A lot of software was done this way, but at some point in history, it became apparent that the model wasn't going to scale. People wanted to write programs to run on a given processor without having to fuss with building a separate version for each combination of peripherals. This spawned operating systems, which let a program say things like "send the character
C across serial port 2" using a standard software interface. The code behind that standard interface was built up for the specific set of hardware on that system and knew that serial port 2 was a Brand X UART mapped at address 1234. In microcomputing, this kind of thing became most evident with the appearance of the CP/M operating system in the 1970s. Vendors selling computers would provide a version of the OS with custom drivers for their specific hardware. Do-it-your-selfers had to patch up generic versions by hand to work with what they had. The result was that they all ended up with systems that could run off-the-shelf versions of software without having to modify it.

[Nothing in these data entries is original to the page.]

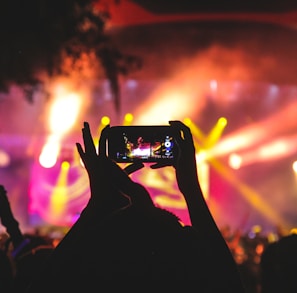 person holding smartphone taking video of a concert near stage with lights during nighttime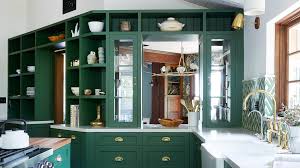 She painted her lower cabinets dark green, but replaced the upper cabinets with open shelving. Green Kitchens Are Having A Moment Architectural Digest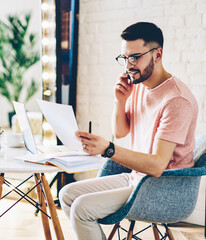 Positive man in optical eyewear working remotely with paper documents calling to colleague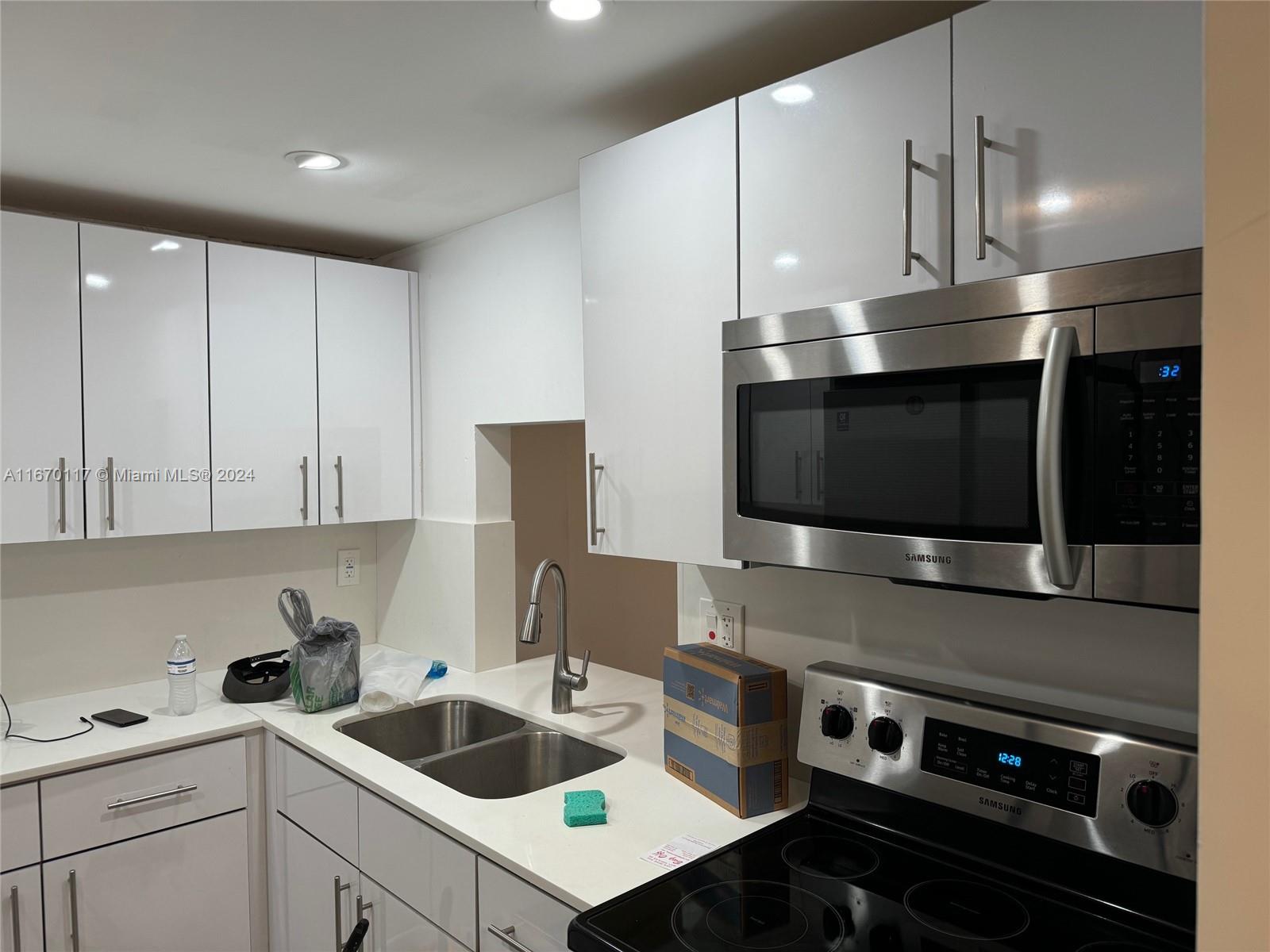 a kitchen with a stove and a microwave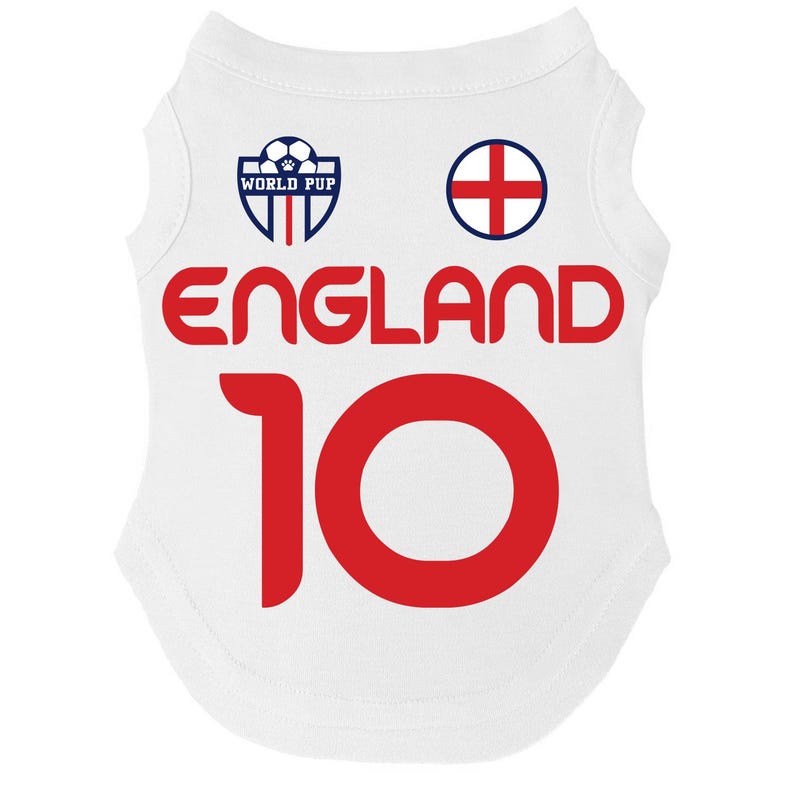 Puede incluir: Camiseta blanca para perro con la palabra "ENGLAND" en letras rojas y el n&uacute;mero "10". La camiseta tiene un escudo azul y blanco que dice "WORLD PUP" y una cruz roja sobre un c&iacute;rculo blanco.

Modern operating systems do pretty much the same thing but with a much higher level of sophistication. Systems (PC-style and even many embedded ones) are built around I/O architectures that are enumerable and dynamic, meaning that the software can figure out what's present, assign it a memory mapping and use the right functions to communicate with it. Along with that comes driver infrastructure that lets hardware developers leverage all of that sophistication without having to re-invent it each time and without risk that driver A was going to conflict with something driver B is doing.
If you decide to try going the poke-the-device-directly route on a full-blown operating system like Linux, the first question you'll ask is how a userland process gains access to the memory area where the device's registers are mapped. The answer ("you can't") is what brings up the other reason: multi-user, multi-tasking operating systems don't trust user programs to be well-behaved. They're designed to protect the system from harm and the programs running on the system from each other. Making this happen brings with it a complex model of interlocks and permissions, all of which contribute to whether or not a program can ask a device driver to do something on its behalf. The device driver code put into the kernel is given a much greater amount of trust because, presumably, those who wrote it did so carefully.
The functions you put into a device driver for most flavors of Unix are just the essentials (load, unload, open, close, read, write, ioctl) and are called at the end of a very long chain of decision making. If a process wants to write to a serial port, the driver code isn't called until the OS is sure there's a driver present and functioning for that device, the process has permission to use the device and that the port has been opened by that process.
This, at long last, is why you write a device driver: The amount of code you have to develop for a device driver is minuscule compared to the amount of sophistication the rest of the OS provides to go with it.
Really, it isn't painful. It's just unfamiliar. Once you've done a couple, you'll wonder why you were making such a fuss about it. (And trust me, it's a lot less work now than it was 25 years ago.)